The nursery does its own rooted production and buys rooted cuttings from some outside sources. The container itself isn’t groundbreaking. Reid says Dave Wilson’s potted trees are grown in a nursery tree pot similar to everyone else's, a 4-by-4-by-9 inch container. However, they can be run through a flat filler or popped onto a production line.
“One thing I believe is being able to manage your labor so that you can bring your plants to the people and not have your people spread out over 500 acres to try to do your production,” Reid says. “Not that there aren't opportunities in both segments, but common sense tells you if you have a smaller, confined space to do your work in, you can be more efficient.”
With the ability to run their potted trees on a production line and with automatic flat fillers, DWN got the opportunity grow their trees like how greenhouse operations grow annuals and perennials.
Reid had been exploring his options for building greenhouse space on Dave Wilson Nursery’s Hickman, California, location. As part of the process, Reid visited Fredriks Nursery, another Central Valley grower 40 miles away in Ripon. He wanted to see their greenhouse structures in person, because they were the same type he was considering building in Hickman. During the visit, David Fredrik approached Reid and the DWN team with an intriguing possibility: would they be interested in purchasing his facility?
This turn of events was fortuitous, as Dave Wilson Nursery was looking to buy exactly what Fredriks Nursery was selling.
"When the opportunity to sell to a fellow Central Valley family-owned business presented itself, it made sense for our family to sell at this time in our life,” Fredriks president David Fredrik said in a statement. “We believe that Dave Wilson Nursery will be a good partner here in Ripon and we're pleased by the local leadership.”
The opportunity to buy an existing space was advantageous because DWN was still in the phase of scouting locations, planning a build and applying for permits.

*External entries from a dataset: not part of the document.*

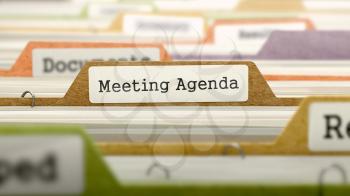 Meeting Agenda Concept on Folder Register in Multicolor Card Index. Closeup View. Selective Focus. 3D Render.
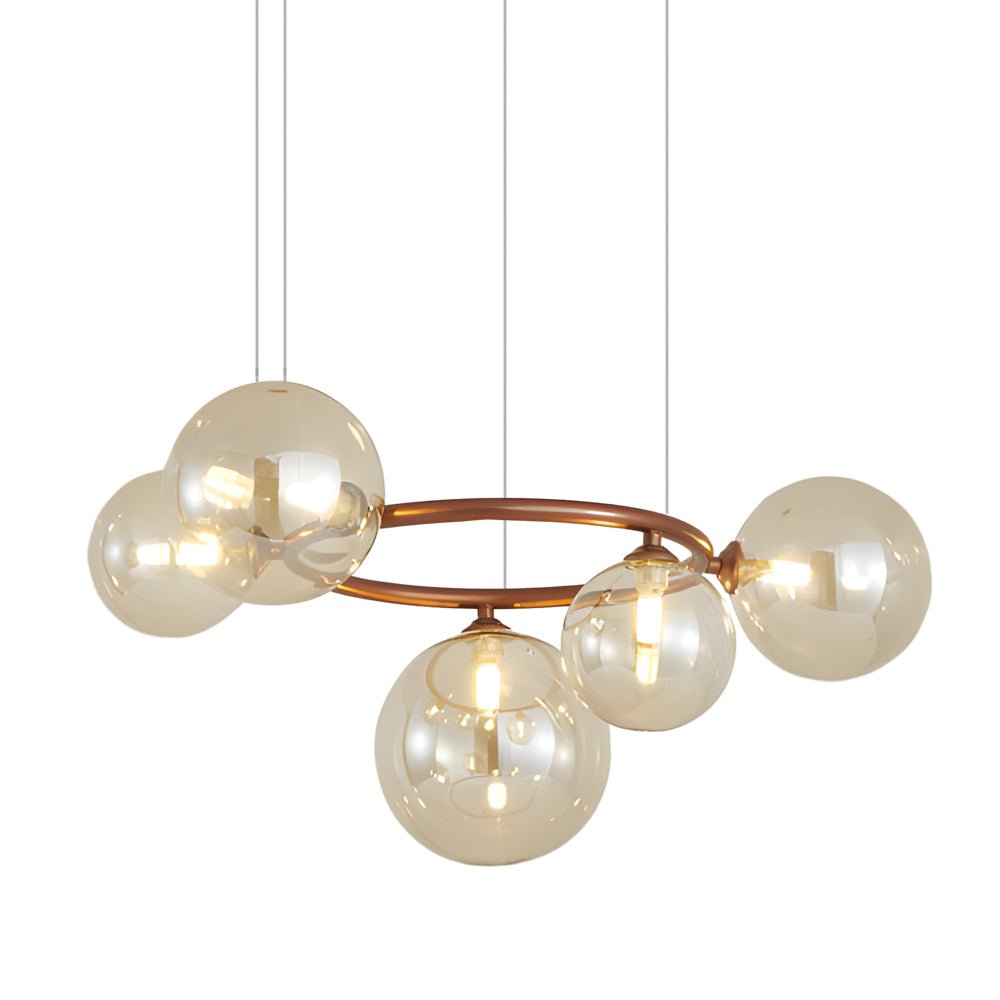 Glass Globe Chandelier with 3-Step Dimming - Modern Circular Design
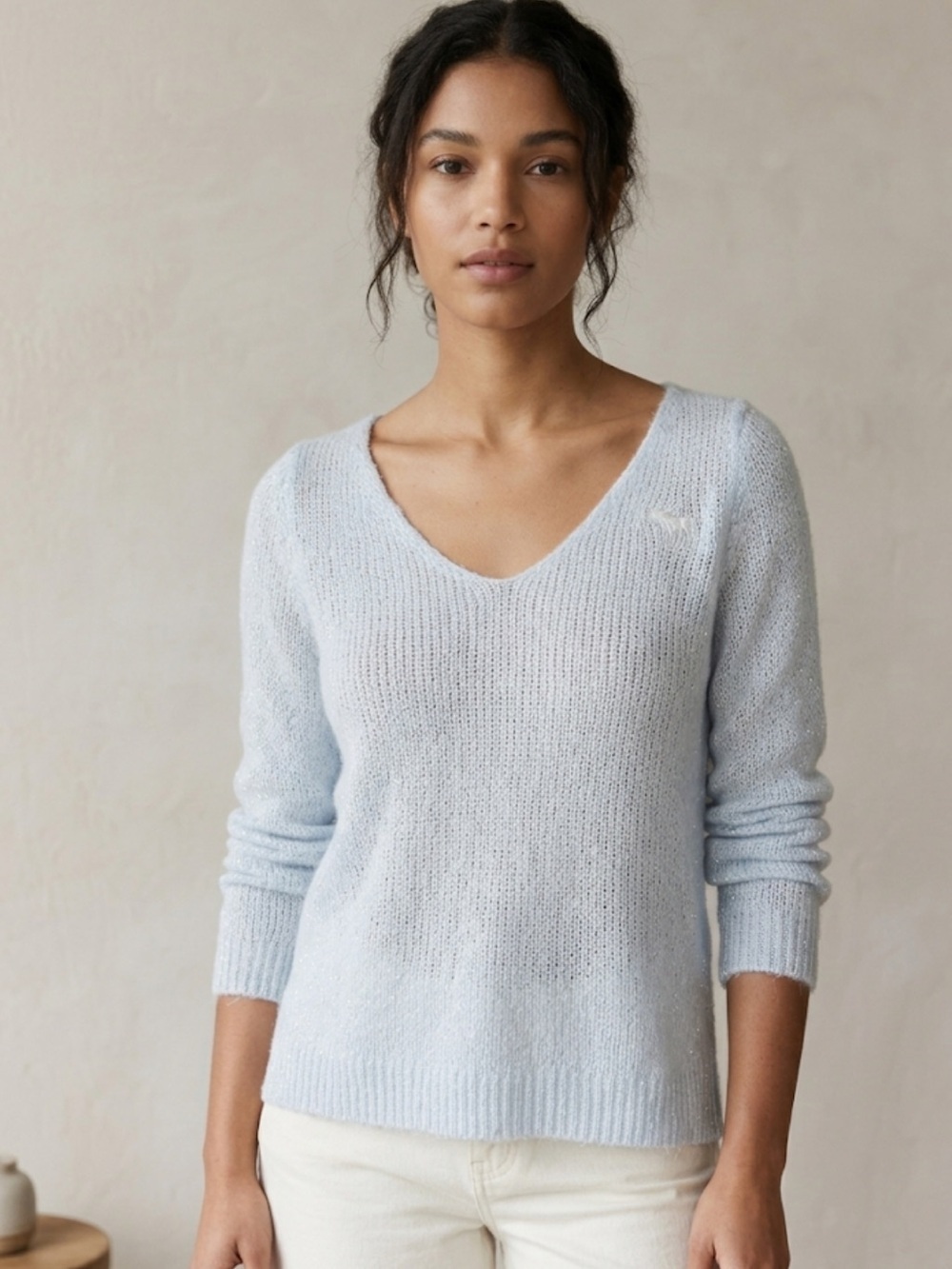 Abercrombie & Fitch Metallic‑Shimmer Knit Sweater – Kids XL (Fits Women’s XS)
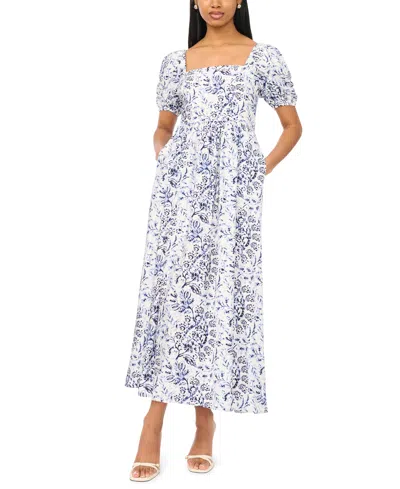 Msk Women's Short-sleeve Square Neck Maxi Dress In Blue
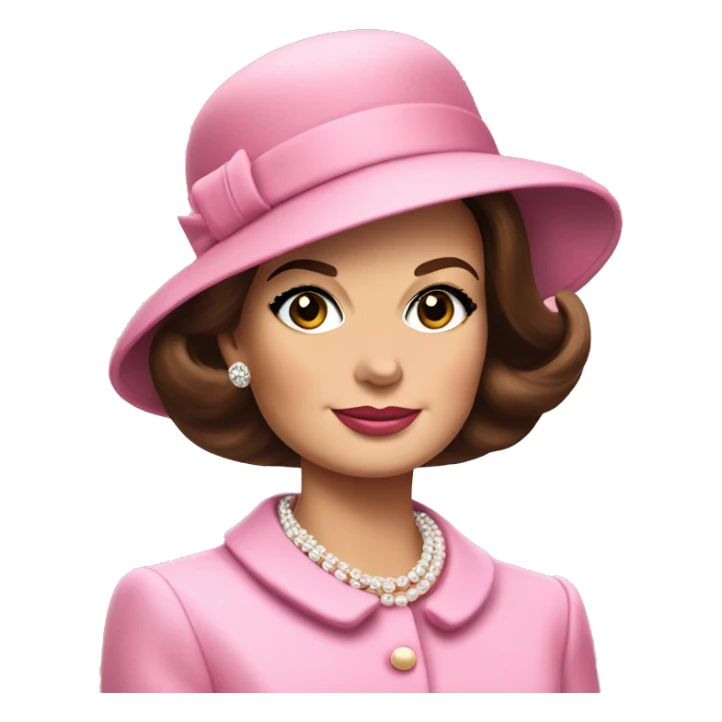 Jackie Kennedy in pink suit and pillbox hat sticker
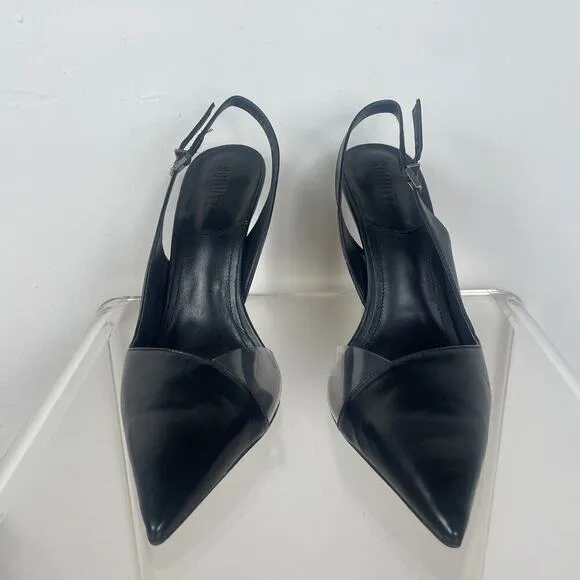 Schutz Emma Black Leather and Clear Vinyl Pointed-Toe Slingback Pumps size 10.5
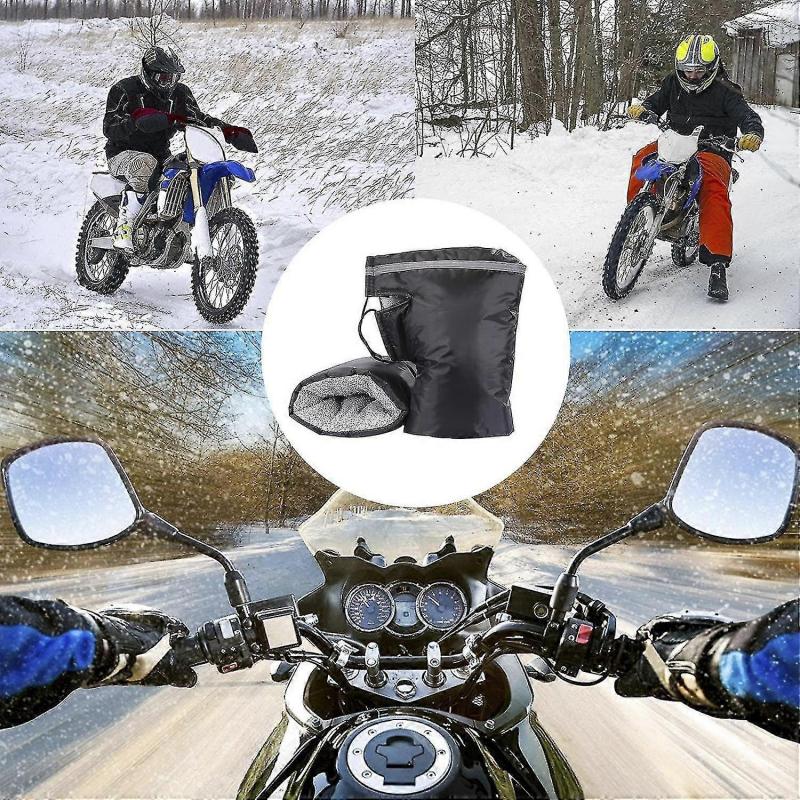 Motorcycle Handlebar Muff Gloves Windproof Waterproof Winter Riding Warm Grip Covers for Harley Honda Yamaha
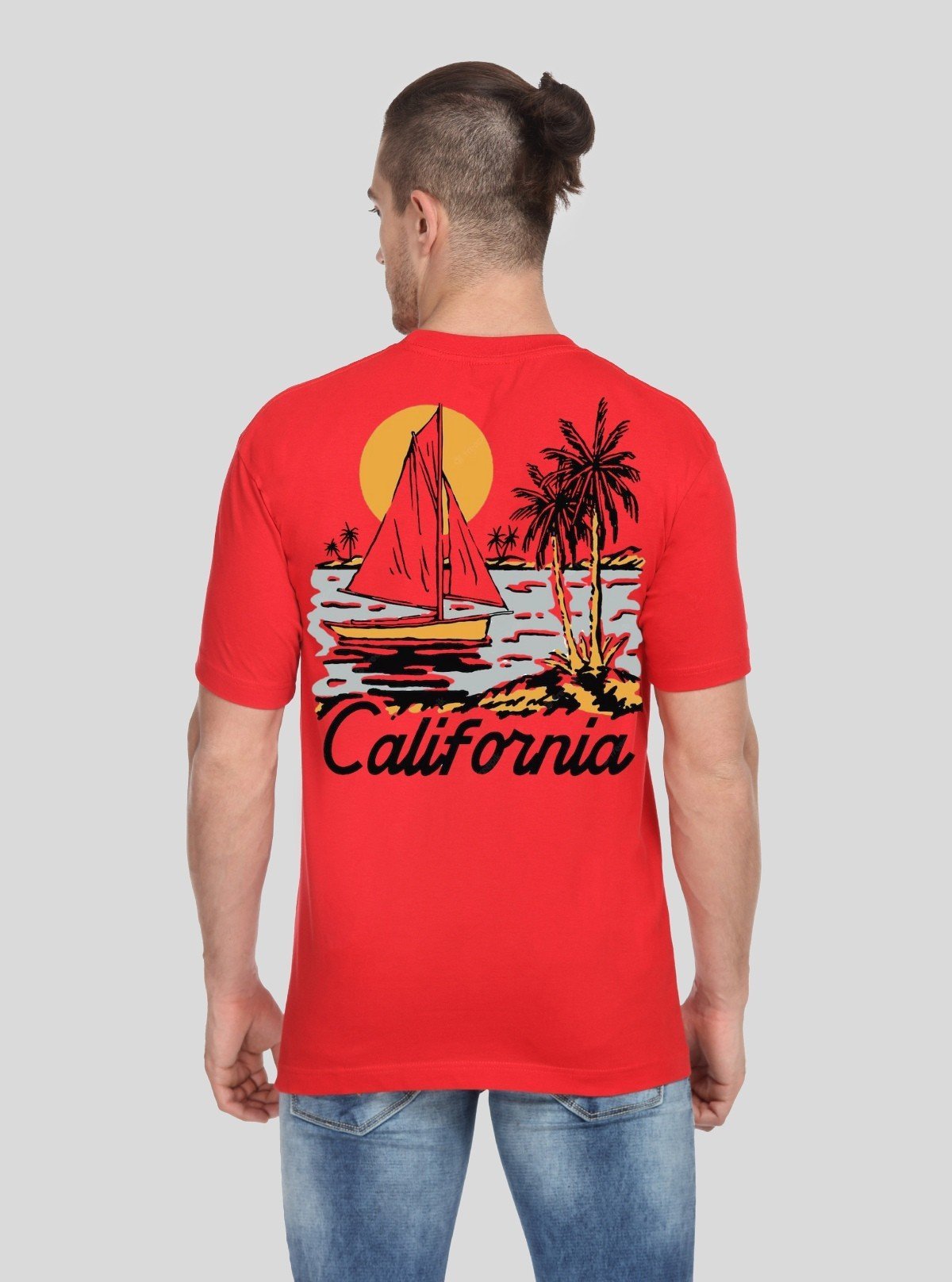 Men’s Red California Printed T-Shirt – Bold Graphic Tee for Everyday Power - Boer and Fitch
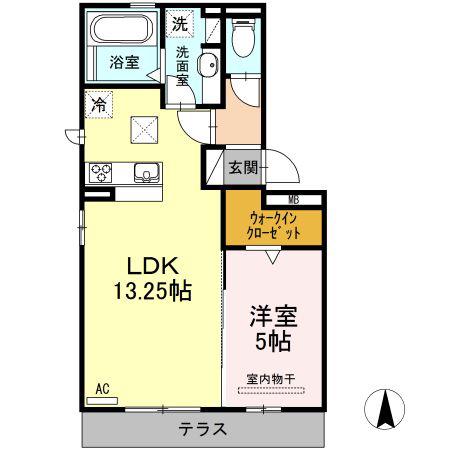 MA CHAMBRE(1LDK/1階)の間取り写真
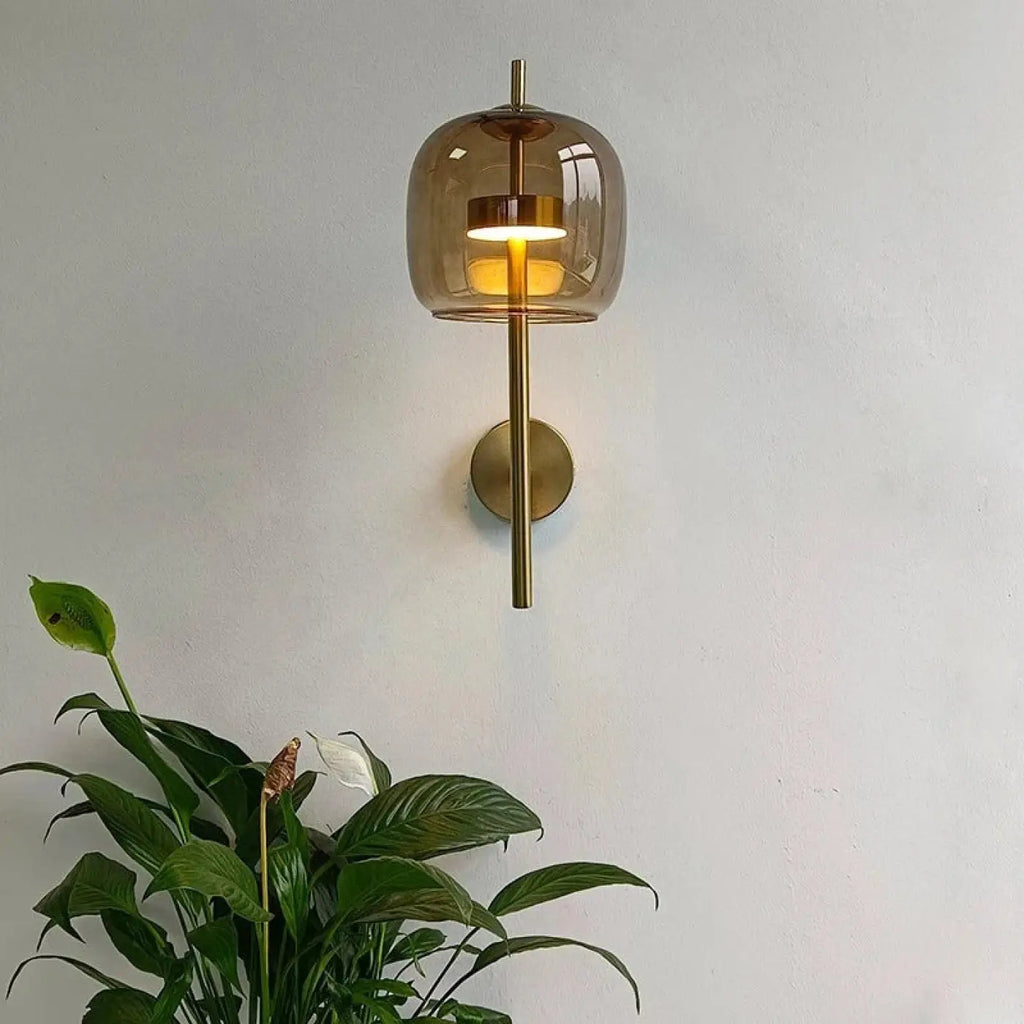 Applique murale en verre minimaliste, gris fumé ou ambre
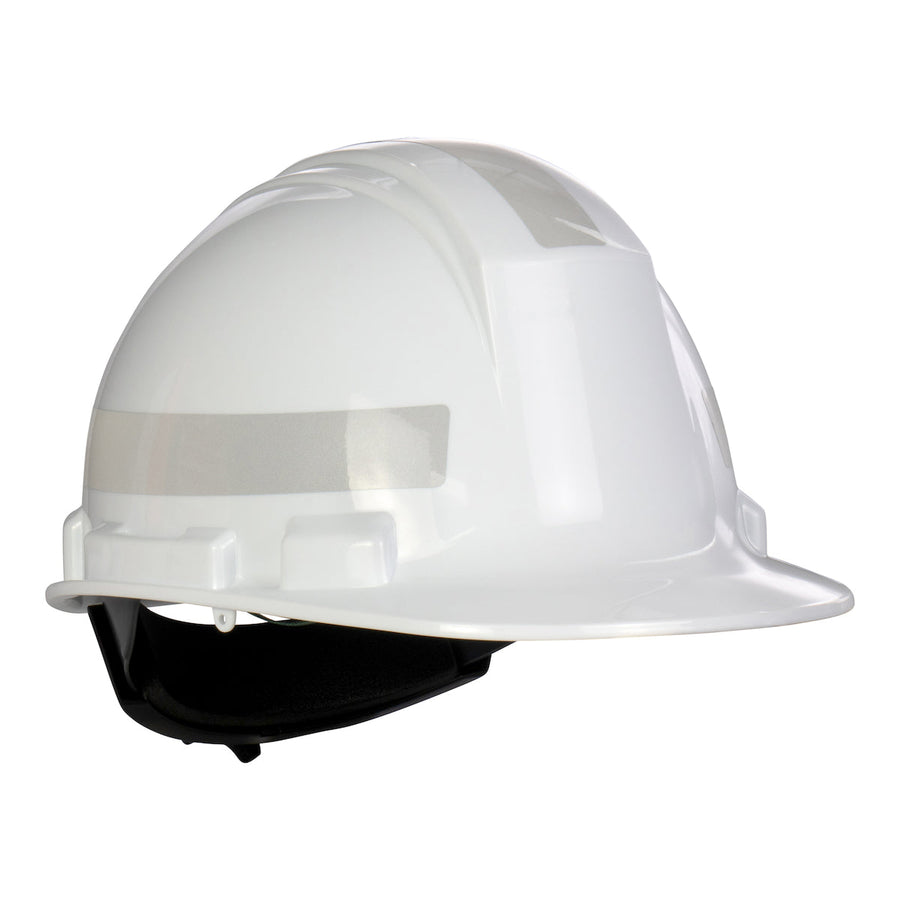 Dynamic Whistler - Cap Style Hard Hat with Reflective Stripes, HDPE Shell, 4-Point Nylon Suspension and "Sure-Lock" Ratchet Adjustment - HP241R01-RS05-01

The Fredriks Nursery acquisition meant DWN could accelerate its greenhouse production timeline.
“We didn't have to go through any environmental and timing issues that we would've had to do here in Hickman,” Reid says. “It was already up and running.”
Currently used for flower production, the greenhouses will undergo some technological enhancements to adhere to Dave Wilson Nursery's stringent quality requirements for growing almond, walnut and stone fruit varieties and rootstock. Reid expects only minor retrofits.
Fredriks Nursery presently employs approximately 20 full-time staff and 140 seasonal employees. Reid says all Fredriks employees will have the opportunity to apply at DWN.
The deal was scheduled to close in January 2020, with crop conversion goals set for this winter and early spring. Additional production from the new facility should be delivered to customers as soon as fall 2020.
Bareroot isn’t dead
Despite losing favor with the commercial grower market, there are still plenty of customers out there who prefer bareroot trees. Bareroot offers some specific advantages, especially for the consumer market. Phil Pursel is a sales representative for Dave Wilson’s wholesale business, which produces about 2 million trees a year. They are sold and shipped to retail nurseries and garden centers all over the country. It’s a small part of the business compared to the 10 million almond trees the company grows for the commercial market. And it’s very seasonal, with most of the shipping being done from mid-December to mid-February. Pursel says 1.5 million trees ship in about a two-month period, shortly after the trees are dug in December. Bareroot, field-grown trees cost less to ship than potted trees because of the additional weight that comes with shipping the pot and soil. Pursel says Dave Wilson Nursery has shipped 15,000 trees on a 53-foot truck.
The wholesale division provides additional diversity in the business’ revenue streams.
“When the commercial side is down, we support the nursery and vice versa,” Pursel says.
Whichever way the trends turn next, Dave Wilson Nursery aims to keep innovating as its customers needs change.
“I don't think any business can just sit back and take it easy,” Reid says. “We have to earn our business every single day.”